Just like the PMW-200, the PXW-X200 records primarily on to SxS cards. But as well as SxS cards you can also use SDHC and XQD cards for many of the internal codec options. Using the MEAD-SD02 you can use SDHC Class 10 cards formatted in FAT to record any of the 35Mb/s XDCAM EX codecs as well as standard definition DVCAM. For news or projects where you might need to hand off the recording media this is really useful. But I still think you should be using SxS for anything really important or whenever you want the best image quality and reliability that comes from using professional recording media. To record at the very highest HD quality settings or to use XAVC you must use the ExFAT mode along with SxS or XQD cards via the QDA-EX1 adapter. Like SxS cards, XQD cards can be formatted using ExFAT, UDF or FAT so these can be used for any of the recording modes in the X200 and offer a lower cost media option for those on a tight budget. It also means that if you have a PXW-FS7 you can use the same media in both cameras.

There are lots of codec choices in the PXW-X200. For HD you have XAVC-I, XAVC-L and Mpeg2HD (XDCAM). For SD there is DVCAM and MPEG IMX, plus there is a XAVC proxy mode for small files to use with the camera’s wifi and wireless capabilities.

XAVC-I offers the best image quality, it is an I Frame codec meaning that every frame is encoded in full. It is 10 bit 422. XAVC-L is a long GOP codec where one frame is encoded in full and then for the next 12 frames only the differences between the first and last frame is encoded. This means it’s more efficient and as a result the files are smaller saving space on your media. But to rebuild the GoP (12 frame Group of Pictures) in post production takes more processing power, so you will need a good computer to work smoothly with XAVC-L. XAVC-I requires less processing power in post production.

One of the nice things about XAVC is that in most modes it’s 10 bit. This makes a noticeable difference in post production and one of the things I found with footage from the X200 is that it grades really well. Because the camera is very low noise and because the recordings can be 10 bit you can do a lot of image manipulation before the footage starts to get grainy or deteriorates. Obviously it’s not as flexible as S-log from an FS7 but it is surprising how much better it is than 8 bit XDCAM.

Picture profiles

The X200 has picture profiles so you can set up the camera with different gamma, matrix and detail settings to tailor the images for the type of scene you are shooting. In common with Sony’s higher end cameras it has 4 Hypergamma gamma curves that extend the dynamic range and provide a pleasing film like highlight roll off. Just remember that if you do use the Hypergammas that they are designed to be exposed around a stop darker than normal 709 for the best results. In Iceland I set up a picture profile that used Hypergamma 3 for most of the shoot. HG3 gives additional dynamic range with a pleasant highlight roll-off but still gives good low light performance. In January, in Iceland, the sun barely gets above the horizon, so light levels are very low all day, yet the camera still produced very nice images.

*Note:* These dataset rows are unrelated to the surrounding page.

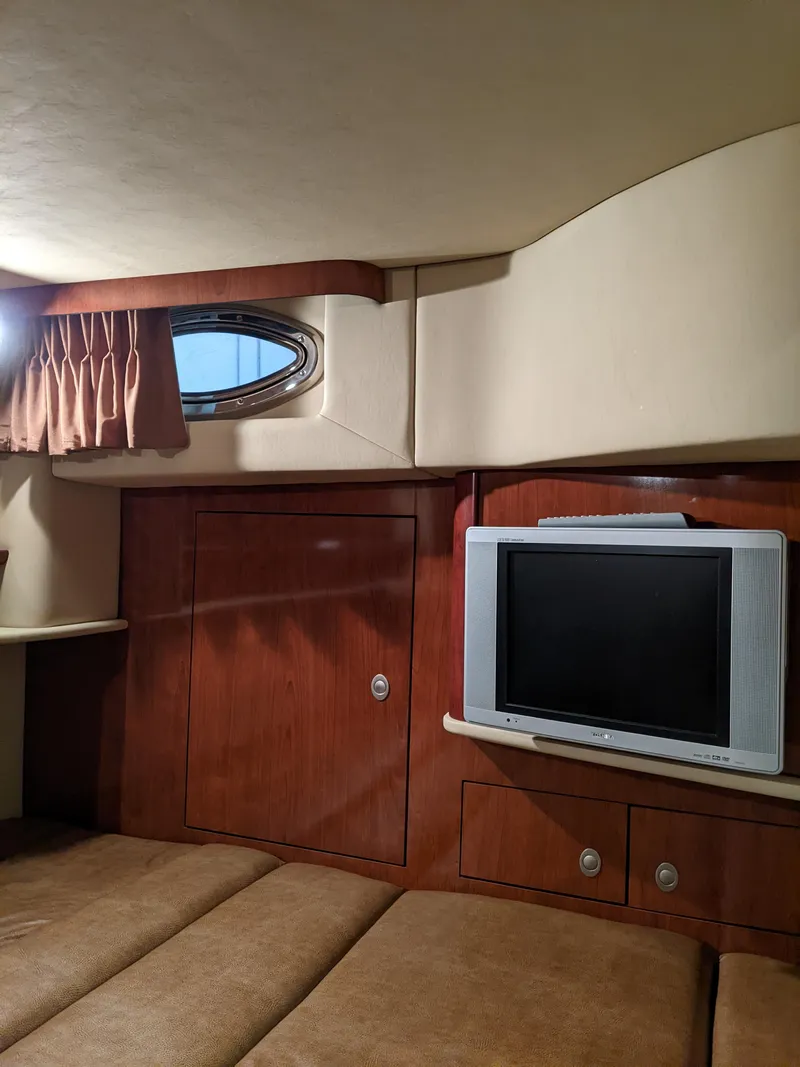 Slide: The Image of Interior cabin of 2006 Sea Ray 44 Sundancer with TV and porthole window. - 29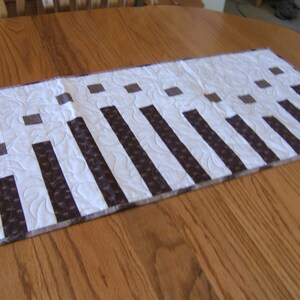 May include: A white table runner with brown stripes and squares. The runner is on a wooden table.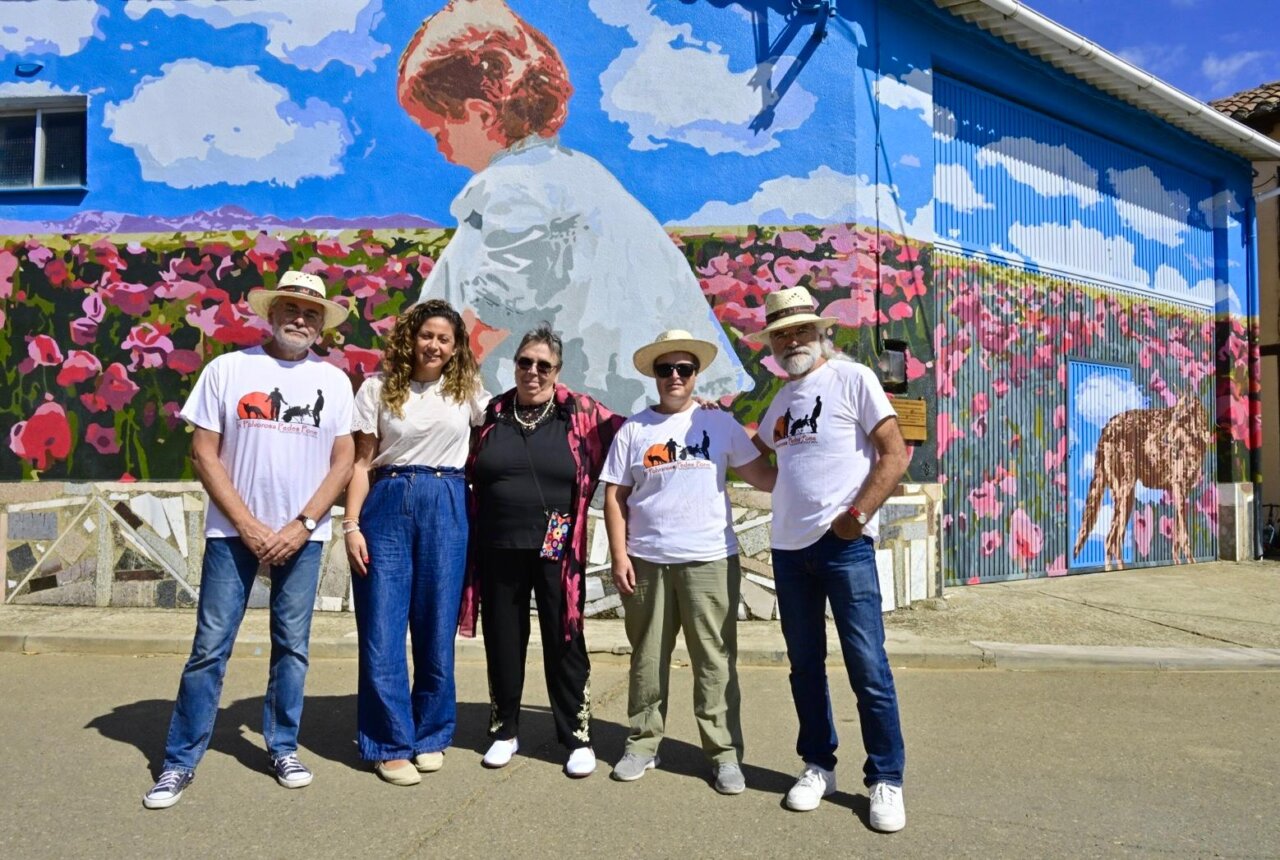 Grupo de personas frente a un mural colorido en Polvorosa de Valdavia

Connectivity, wired and wireless

As well as the cameras great wired connectivity which includes both HDMI and HDSDI outputs, Timcode in/out and genlock the PXW-X200 has a comprehensive range of wireless functions. Via the supplied WiFi dongle you can stream video live from the camera or upload files via ftp to a remote server. In addition you can remove the WiFi dongle and replace it for a 3G or 4G cellular dongle to get similar functionality over a mobile phone network. This will be great for TV news saving the need for an uplink truck in many instances. It could also be used for streaming corporate events live around the globe.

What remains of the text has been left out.